The demonstration on Saturday, organised by Turkish humanitarian groups, saw about 300 protesters walk to the consulate behind a banner reading “Close borders to racism, open to humanity.”
“This is more than hypocrisy, it’s brutality … We invite the Greek government to abandon these ugly policies,” Kenan Alpay, vice chairman of humanitarian group Ozgur-Der, said referring to the pushbacks.
Turkish authorities said the 19 migrants froze to death earlier this week after being illegally pushed back across the border by Greek guards. Athens has strongly rejected the accusation.
“Greece is not doing this alone. It is the joint decision and will of Europe that leads to these pushbacks,” said Fehmi Bulent Yildirim, chairman of IHH, a humanitarian aid group.
“People were stripped of their clothes and their belongings were taken. They were left to die,” he added, calling on the European Parliament to “take action on this issue as soon as possible.”
Turkey has frequently held Greece responsible for illegal pushbacks of asylum seekers and migrants seeking to cross the northwestern land border or trying to reach Greece’s Aegean islands on inflatable dinghys.
In an interview with broadcaster AHaber on Friday, Vice President Fuat Oktay accused Greece of “murder,” adding that “all EU countries, unfortunately, are responsible for the deaths of 19 people.”
Turkey’s President Recep Tayyip Erdogan has pledged to raise the alleged ill-treatment of migrants by Greece during his meetings with world leaders.
Greece’s Migration Minister Notis Mitarachi has described the deaths as a “tragedy” but strongly denied the claim that Greek forces had pushed back the migrants, insisting that the migrants never made it to the border.
Turkey is a major crossing point for migrants and asylum seekers from the Middle East, Asia and Africa seeking a better life in EU countries, with most crossing into Greece.

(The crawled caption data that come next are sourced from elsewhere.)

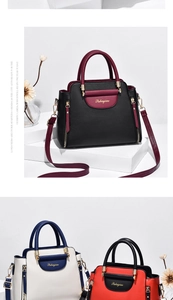 Détail du sac à main en cuir bicolore avec garnitures dorées et texture grainée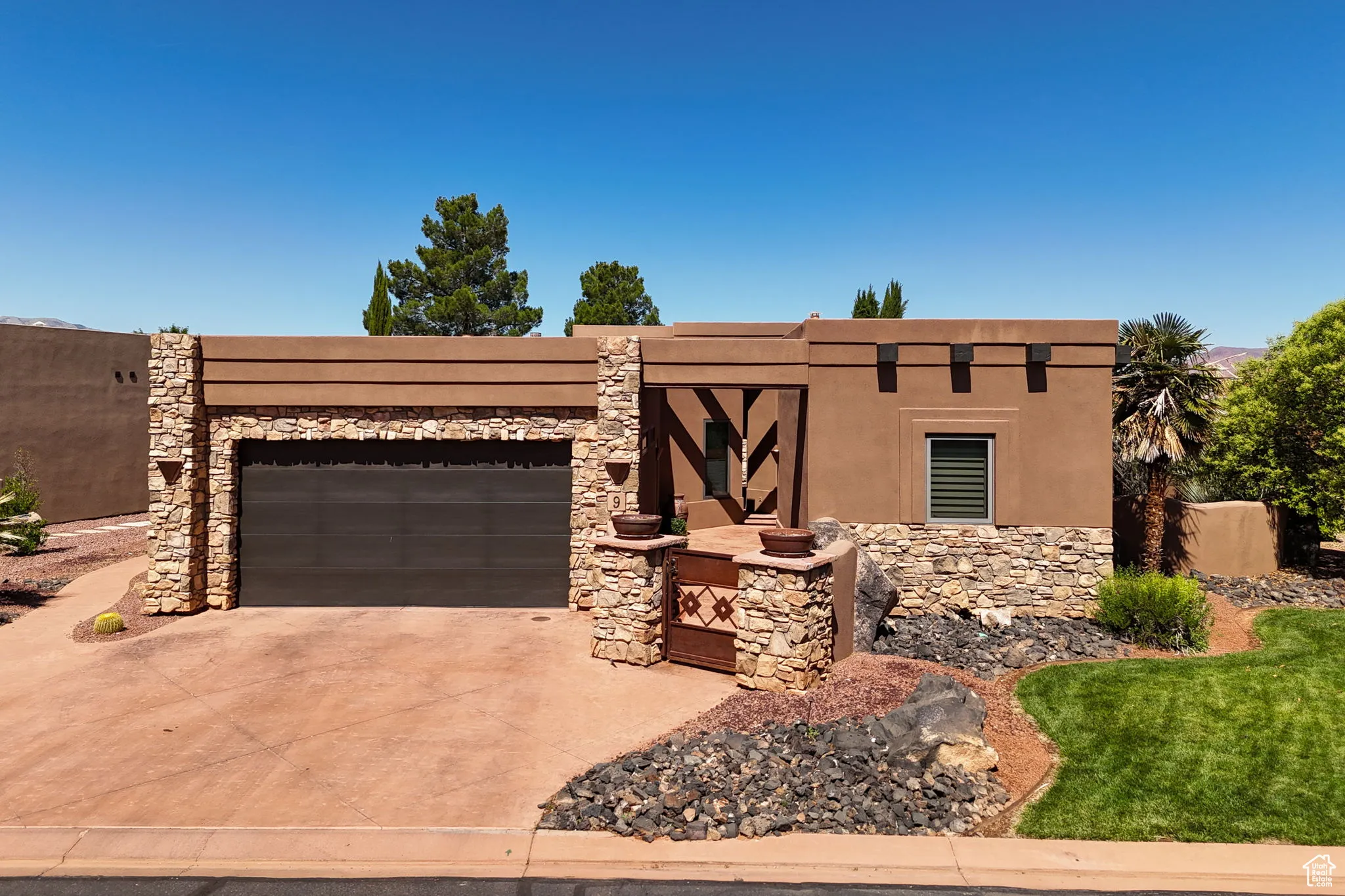 Pueblo-style house with an attached garage, concrete driveway, stone siding, and stucco siding
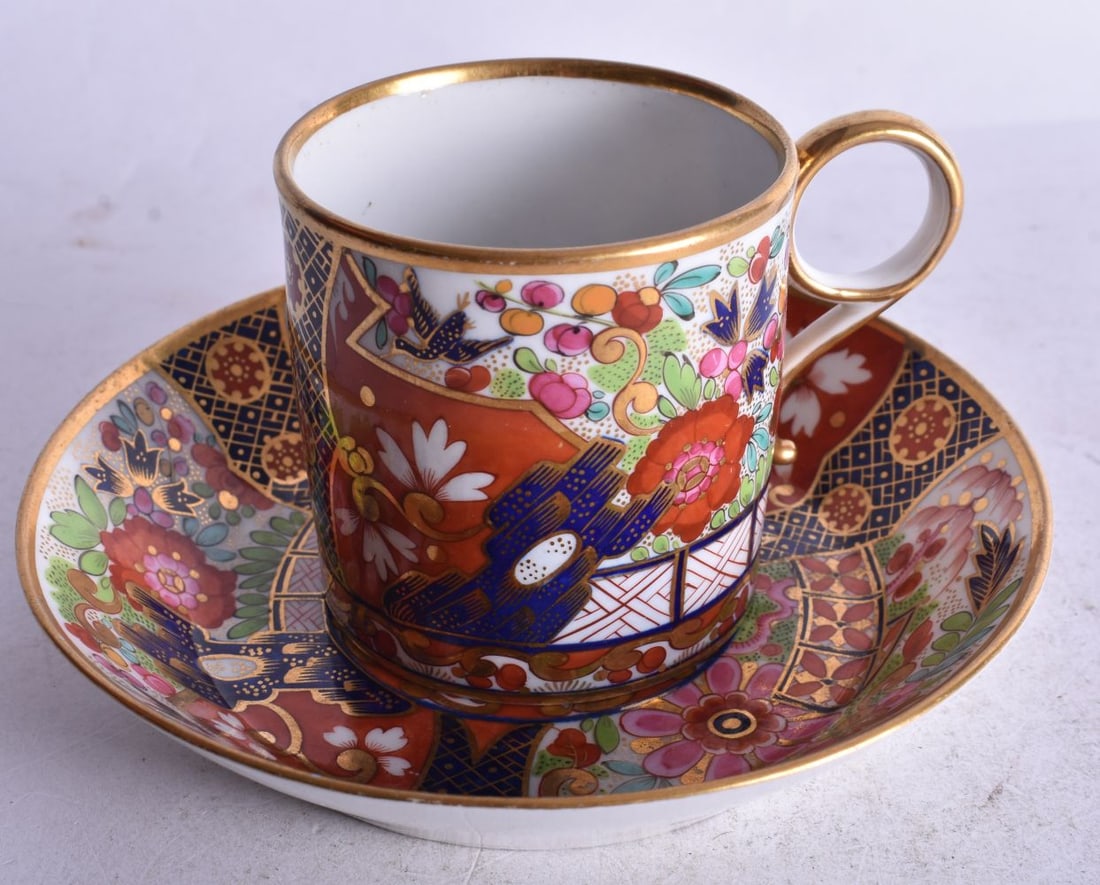 Early 19th century Worcester Barr Flight and Barr imari coffee can and saucer with central initial J: Early 19th century Worcester Barr Flight and Barr imari coffee can and saucer with central initial J in gold. 13cm diameter (2)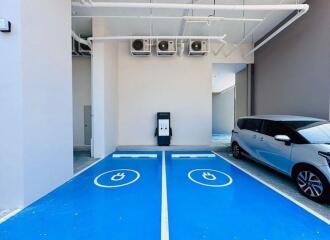 Indoor electric vehicle charging station in a parking area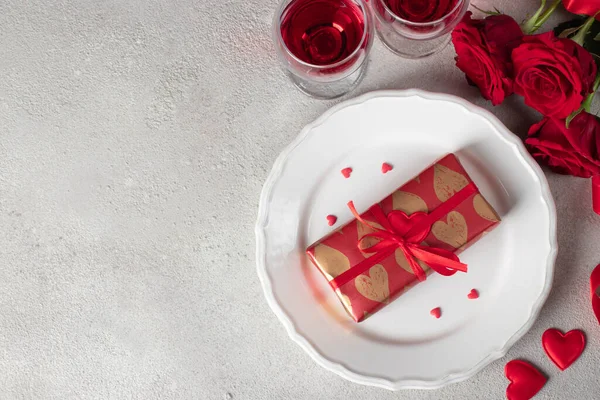 礼物包在白盘上 红玫瑰和两杯酒杯酒放在小桌子上 情人节的概念 — 图库照片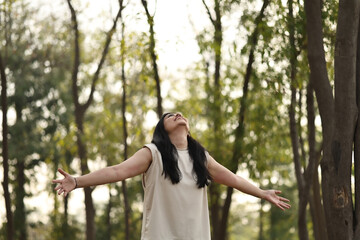 Woman Enjoying Nature With Arms Wide Open In Park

The EU, which saw 1 million mostly Syrian refugees enter its territory in 2015, signed a migration agreement with Turkey in 2016 that has seen the flow of people dramatically reduced.
On the other hand, Turkey already hosts four million refugees – more than any other country in the world – and is taking new security measures on its borders to humanely prevent a new influx of migrants.